Another embodiment of this system would track videos across multiple locations that exist in multiple file formats and resolutions. The system database 220 would maintain records of pixel grids of multiple resolutions for any given video 510, and these records would include URLs to source video locations. When a video is loaded in a media player enabled with the system client application 140, a process would query the database, which would identify whether an identical video, of the same or similar file format has been registered in the database. If so, the system would apply a known pixel grid to that video, thereby implementing the encoding-access features for the user. For a known video, the system will also recognize the video's screen resolution (e.g., 1024×768) and apply a pixel grid appropriate to the screen size. For instance, a database record might exist for a pixel grid of video A at 1024×768 resolution. A user loads the same video (video A) formatted to 320×240 resolution. Hence, the system loads a downsized pixel grid for video A that has been adjusted for 320×240 resolution and allows users the same ability to interact with encoded objects, even at the smaller screen size. This function is particularly important going forward as technologies for portable video devices, such as iPod®, cellular phones, PDAs, and other hand-held media players are rapidly growing in mainstream use.

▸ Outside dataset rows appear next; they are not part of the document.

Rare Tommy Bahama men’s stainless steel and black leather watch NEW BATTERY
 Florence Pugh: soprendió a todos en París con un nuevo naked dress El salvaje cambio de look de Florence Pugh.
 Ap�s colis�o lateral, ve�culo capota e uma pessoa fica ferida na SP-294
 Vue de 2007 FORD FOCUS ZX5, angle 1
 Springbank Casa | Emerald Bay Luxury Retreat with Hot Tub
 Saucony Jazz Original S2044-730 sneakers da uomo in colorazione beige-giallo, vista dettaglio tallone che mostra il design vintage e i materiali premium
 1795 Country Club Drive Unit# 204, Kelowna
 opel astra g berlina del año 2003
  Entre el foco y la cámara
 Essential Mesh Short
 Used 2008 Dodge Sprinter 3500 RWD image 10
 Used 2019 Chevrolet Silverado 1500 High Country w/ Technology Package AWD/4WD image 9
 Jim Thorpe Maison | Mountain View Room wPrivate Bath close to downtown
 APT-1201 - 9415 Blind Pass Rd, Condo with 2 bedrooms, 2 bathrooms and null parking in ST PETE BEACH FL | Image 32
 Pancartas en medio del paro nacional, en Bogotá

Another embodiment supports multi-tasking users, i.e., individuals who watch video and simultaneously send email, instant messages, or cellular phone text messages about content they are viewing. In this embodiment, a user could load a video in the application-enabled media player on their computer, mobile device, or digital television set, select objects on the screen and choose from the context menu the specific content layer of interest (e.g., an actor's motorcycle jacket), and then review any existing encoded supplemental content. The user would then have two primary avenues of action: 1) modify encoded content by editing or adding new information; or 2) share the content with another person via email, instant messaging, cellular phone text messaging or SMS. The system would capture a thumbnail image of the current frame of video (or possibly send a copy of a thumbnail image already on file in the database) and send that image along with a copy of the encoded content (text, images, audio, or URLs), as well as hyperlinked reference to a source location of the originating video, to the recipient. In this way, the recipient could view the supplemental information along with some relevant context from the video, and access the video itself via the hyperlink. The hyperlink would reference a distinct time-stamp in the video so the user could jump directly to the point in the video the sender was referencing.

Although specific embodiments have been illustrated and described herein, it will be appreciated by those of ordinary skill in the art that a whole variety of alternate and/or equivalent implementations may be substituted for the specific embodiments shown and described without departing from the scope of the present invention. This application is intended to cover any adaptations or variations of the embodiments discussed herein.